It’s odd, living in a remote, predominantly Mormon town, and seeing the local items that draw national attention.
Today, it’s this. I draw your attention to the following part:
Parents and faculty members had asked police to bring a K-9 to the scene before the bus departed to check students' bags for drugs.
Who was on the bus?
About 100 students from Canyon View High School in southern Utah had just graduated Thursday night and boarded the charter bus for their senior trip …
Where were they going?
… A bus full of recent Utah high school graduates headed to Disneyland …
Here’s what I wonder.
- Was there probably cause? If so, why wasn’t it mentioned?
- No doubt parents had to sign permission slips. Were they informed that this included submitting their kids to a search with dogs?
I’m all for parents policing the actions of their children, and schools avoiding legal liability. But, bringing the government in to do this under these circumstances violated the spirit of the First and Fourth Amendments.*
Also, what does this say about local students? About 80% are LDS. In this area, those who are not LDS are often immigrants who are unlikely to be able to afford a school trip. They were going to Disneyland. Have our moral borderlines shifted so far that we don’t see a problem presuming that a group of predominantly well-off Mormon kids going to Disneyland are violating the law?
Oh yeah … and who do you think they caught? The bus driver (queue Simpsons’ joke) … the local paper contained no reports of kids having drugs (although with Utah leading the nation in prescription drug abuse, this is kind of surprising). No kudos to the legacy media, who decided the most interesting thing about this event is that a bus driver was caught.

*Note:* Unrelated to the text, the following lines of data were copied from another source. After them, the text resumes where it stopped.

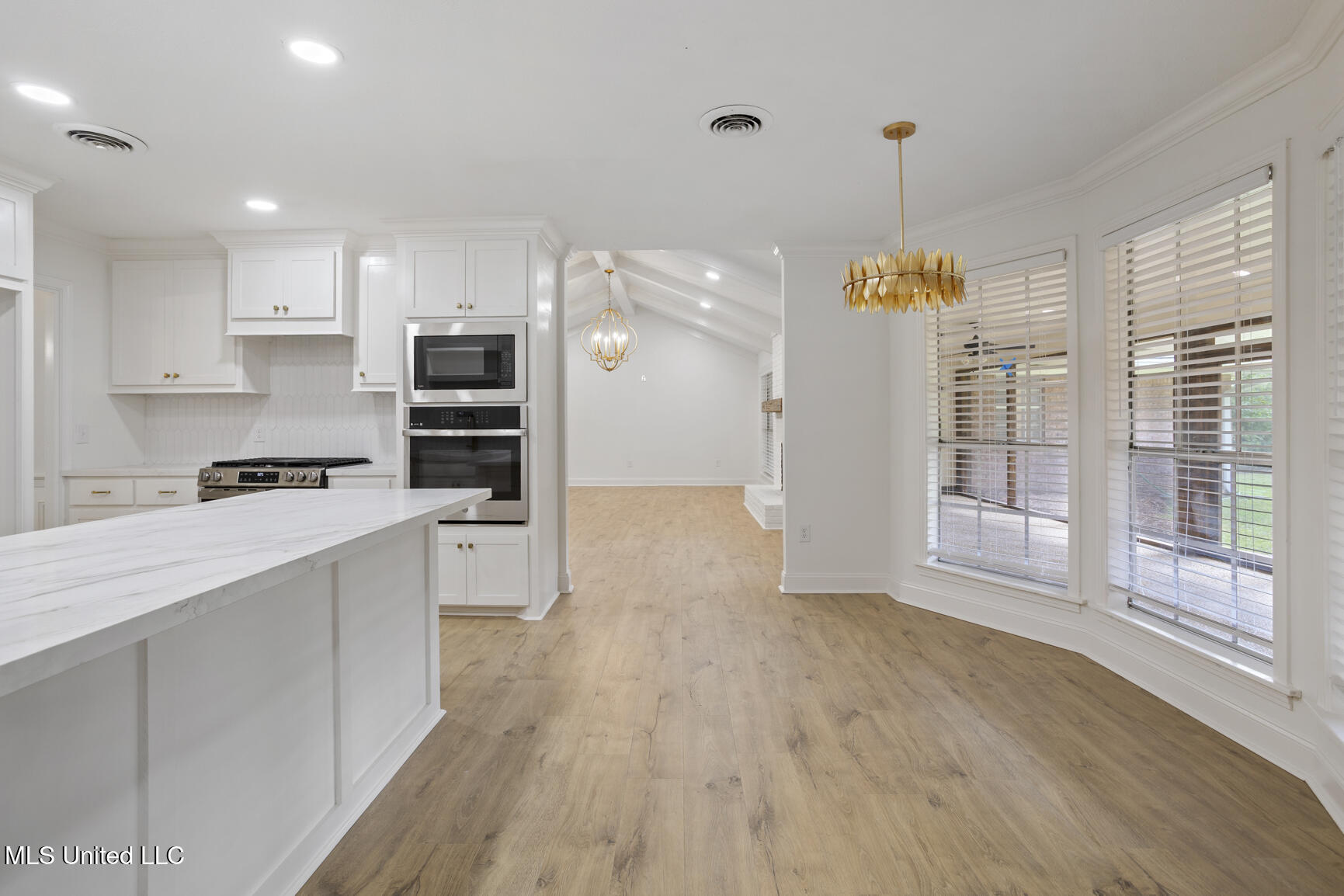 445 Armour Drive Jackson, MS 39211 - Photo 10 of 34 445 Armour Dr-12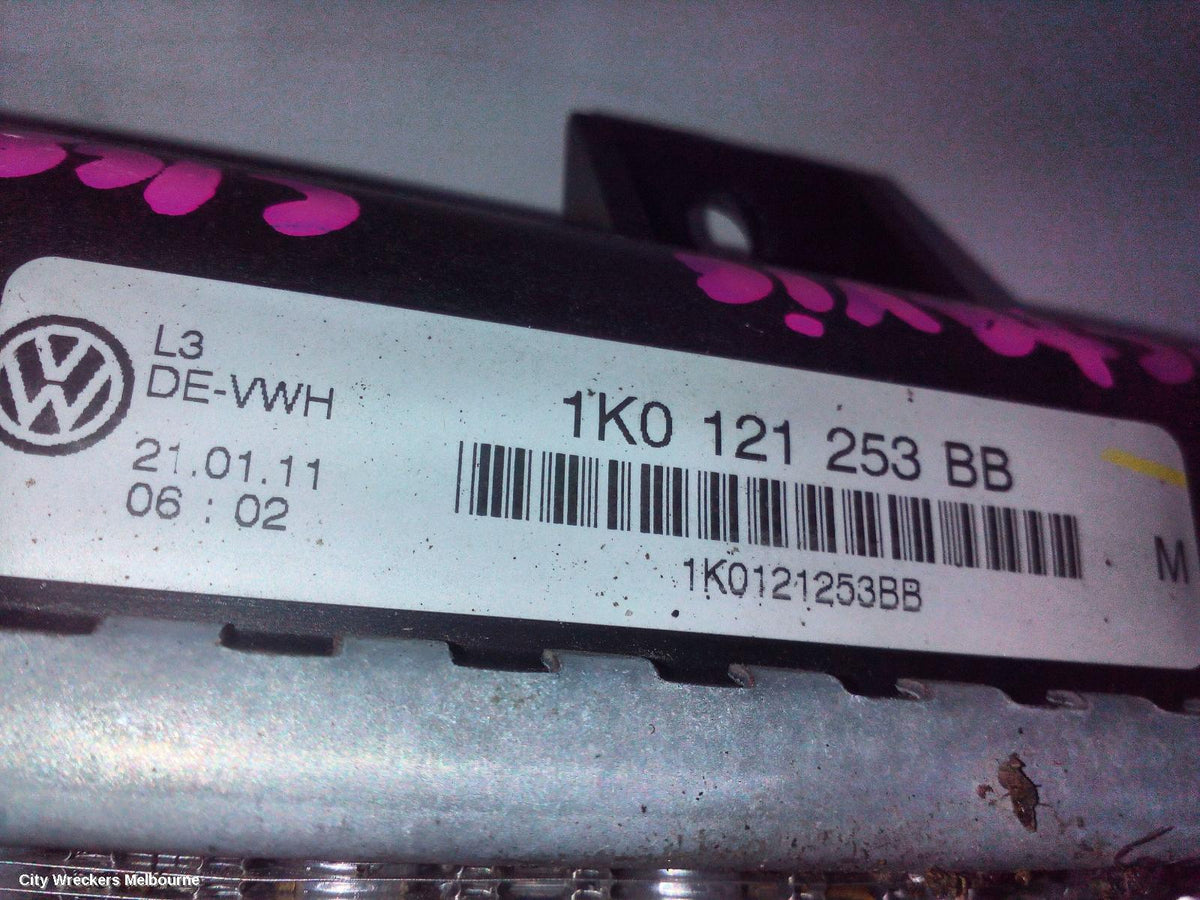 SKODA OCTAVIA RADIATOR, PRIMARY RADIATOR (CLOSEST TO ENGINE), PETROL, 1.4, TURBO, 1Z, CAXA CODE, 08/2010 - 10/2013 - Image 3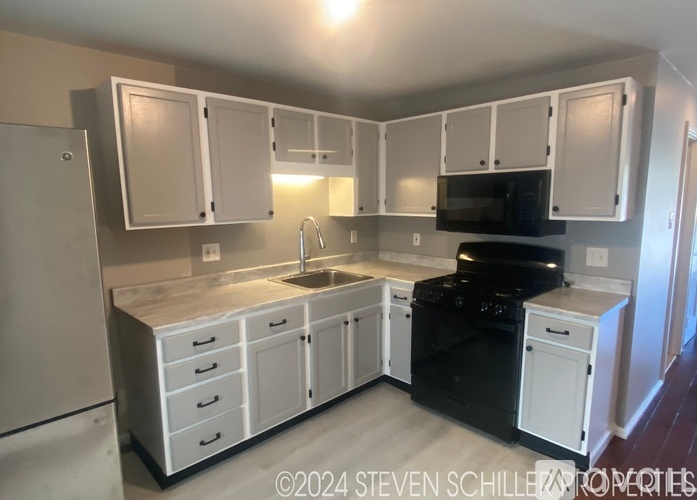 560 South 69th Street 3 Beds Townhouse for Rent - Photo gallery 5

* The First Amendment reads: Congress shall make no law respecting an establishment of religion, or prohibiting the free exercise thereof; or abridging the freedom of speech, or of the press; or the right of the people peaceably to assemble, and to petition the Government for a redress of grievances. So, technically this would only be a violation if Congress passed a law saying that assembling for a school trip to Disneyland was a problem, thus a violation in spirit.
The Fourth Amendment reads: The right of the people to be secure in their persons, houses, papers, and effects, against unreasonable searches and seizures, shall not be violated, and no Warrants shall issue, but upon probable cause, supported by Oath or affirmation, and particularly describing the place to be searched, and the persons or things to be seized. I’m not sure that this case doesn’t go beyond a violation in spirit to just a plain violation. Is it unreasonable for parents and teachers to ask the police to use dogs to search a bus full of kids without probable cause (other than they’re teenagers, and there’s a high probability of finding something)? I would say no.